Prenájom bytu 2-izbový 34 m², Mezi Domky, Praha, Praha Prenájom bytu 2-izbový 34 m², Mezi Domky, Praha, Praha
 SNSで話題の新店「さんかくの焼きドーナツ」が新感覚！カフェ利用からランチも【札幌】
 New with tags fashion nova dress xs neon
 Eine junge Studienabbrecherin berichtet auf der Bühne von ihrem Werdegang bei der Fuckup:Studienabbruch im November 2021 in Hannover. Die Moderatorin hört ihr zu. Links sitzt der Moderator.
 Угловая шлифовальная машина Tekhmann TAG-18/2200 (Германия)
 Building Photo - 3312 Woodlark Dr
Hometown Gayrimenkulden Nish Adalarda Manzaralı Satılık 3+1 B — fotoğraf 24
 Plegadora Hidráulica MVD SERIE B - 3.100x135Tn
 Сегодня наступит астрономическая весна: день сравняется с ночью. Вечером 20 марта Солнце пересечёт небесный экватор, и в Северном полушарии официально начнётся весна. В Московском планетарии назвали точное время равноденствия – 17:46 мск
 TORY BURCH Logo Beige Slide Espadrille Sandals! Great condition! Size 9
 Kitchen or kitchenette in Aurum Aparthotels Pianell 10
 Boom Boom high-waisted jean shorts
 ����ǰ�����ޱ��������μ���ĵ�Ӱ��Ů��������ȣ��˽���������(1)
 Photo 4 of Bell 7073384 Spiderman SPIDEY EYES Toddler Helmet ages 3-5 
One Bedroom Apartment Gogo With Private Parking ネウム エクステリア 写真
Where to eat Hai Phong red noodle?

========================================================================

WHAT TO DO. Every line above in which the word "Photo" occurs needs to be copied.

ANSWER BOX.
 Building Photo - 3312 Woodlark Dr
 Photo 4 of Bell 7073384 Spiderman SPIDEY EYES Toddler Helmet ages 3-5 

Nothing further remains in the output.